The Dawn spacecraft just recently entered its lowest and final orbit around the dwarf planet Ceres, providing the closest look ever at the puzzling world. Dawn will, of course, be taking thousands more high-resolution photographs, but what else will it be doing during the remainder of its mission? Various aspects of the mission will study Ceres in unprecedented detail.

Dawn is now orbiting Ceres at an average altitude of only 385 kilometres (240 miles), which is closer than the International Space Station is to Earth. The images sent back so far have been incredible, but from this close vantage point, they will be even better. More than 16,000 images were sent back by Dawn in 2015, including 2,000 since it entered its lowest orbit. There will be many more to come in 2016.

The images have shown Ceres, the largest body in the asteroid belt, to be a complex world, with craters, valleys, mountains, and, of course, those odd white spots that everyone has been talking about.

Oblique view of the brightest spots, in Occator crater. The spots are now thought to be salt deposits. Photo Credit: NASA/JPL-Caltech/UCLA/MPS/DLR/IDA
Oblique view of the brightest spots, in Occator crater. The spots are now thought to be salt deposits. Photo Credit: NASA/JPL-Caltech/UCLA/MPS/DLR/IDA

“Ceres is so big compared to all the other asteroids that it’s really different,” said Andrew Rivkin, a planetary scientist at the Johns Hopkins University Applied Physics Laboratory in Laurel, Md. “It’s sort of the penultimate step before a planet.”

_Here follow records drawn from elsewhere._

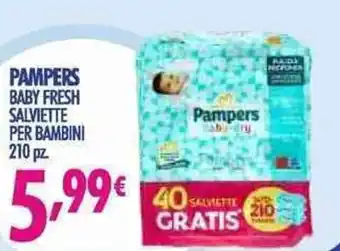 Acqua & Sapone Pampers Baby Fresh Salviette per Bambini 210 pz offerta
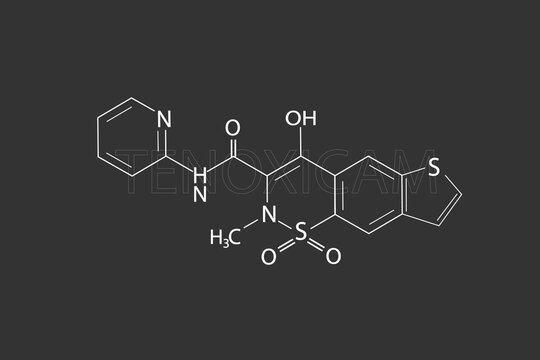 Tenoxicam molecular skeletal chemical formula.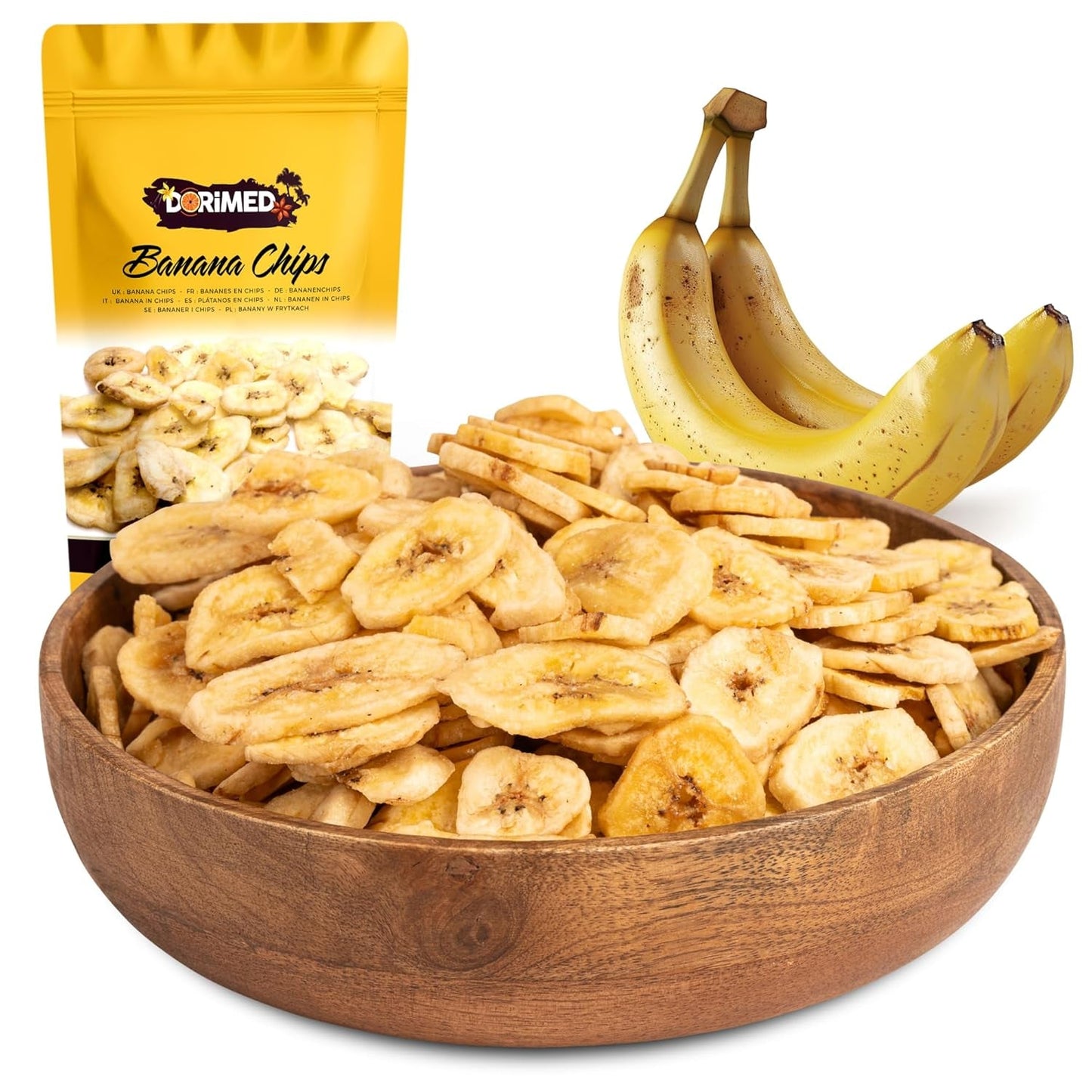 Banánové lupínky 1 kg | Křupavé plátky banánových lupínků se sušeným ovocem | zdravá svačina s lahodnou chutí | Dehydratované produkty Naty Shop Výchozí název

Ceres has been geologically active, at least in the past, and may still be today, the evidence suggests. There may even be hydrothermal activity; the white spots are now thought to be salt deposits left behind after a layer of briny water-ice has been exposed by impacts and sublimated into space (as there is no atmosphere to speak of). The salts identified are consistent with a brine containing magnesium sulphate hexahydrite. Analysis of data also shows that Ceres has a water-ice mantle surrounding a rocky core, and that there may still be at least pockets of liquid water beneath the surface, raising the prospect of potential habitability for microorganisms, as seemingly unlikely as that may sound for a world so far from the Sun.

“As we take the highest-resolution data ever from Ceres, we will continue to examine our hypotheses and uncover even more surprises about this mysterious world,” said Chris Russell, principal investigator of the Dawn mission, based at the University of California, Los Angeles.

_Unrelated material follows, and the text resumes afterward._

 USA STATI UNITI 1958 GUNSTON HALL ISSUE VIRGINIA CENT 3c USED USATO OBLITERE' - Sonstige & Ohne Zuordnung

So now that Dawn is in its lowest orbit, called the low altitude mapping orbit (LAMO), what kind of investigations will it be conducting? Dawn will examine two kinds of radiation – gamma ray spectra and neutron spectra – as well as measure Ceres’ gravity field. The instruments used look below the surface of Ceres, rather than the surface as with the camera, visible mapping spectrometer and infrared mapping spectrometer.

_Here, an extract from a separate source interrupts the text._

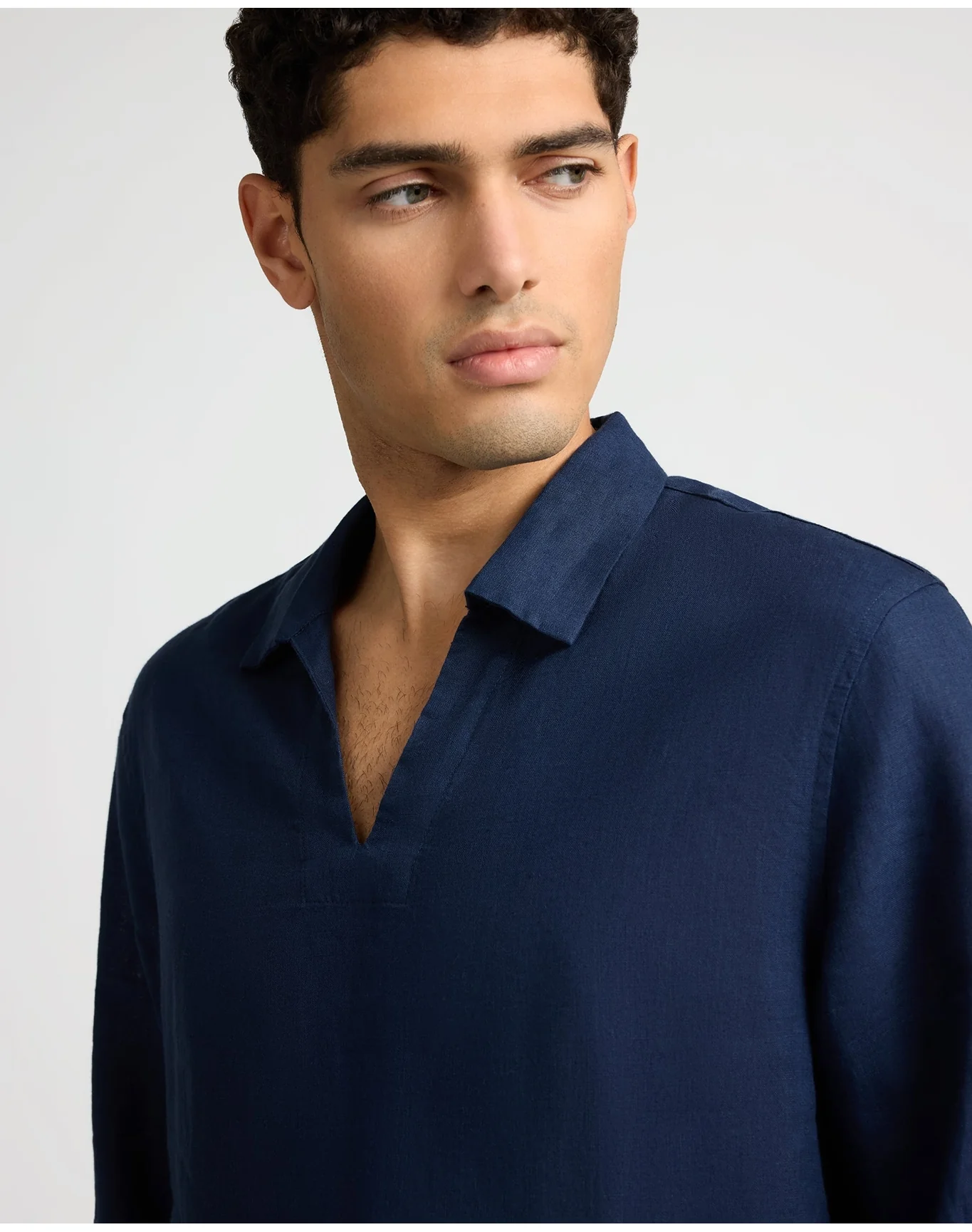 Men | Linen Long Sleeve Popover Shirt | Midnight - Image 4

By studying the radiation using the gamma ray and neutron detector (GRaND), scientists can measure various chemical elements within Ceres. With 21 sensors, GRaND can measure the energy of each gamma ray photon and each neutron. Some gamma rays can be produced by radioactive elements within Ceres itself, but most are byproducts of cosmic rays originating from elsewhere in space. The radiation is also very faint compared to the bright surface seen by the camera, infrared spectrometer, and visible spectrometer. The “images” taken of the radiation require long exposure times of weeks.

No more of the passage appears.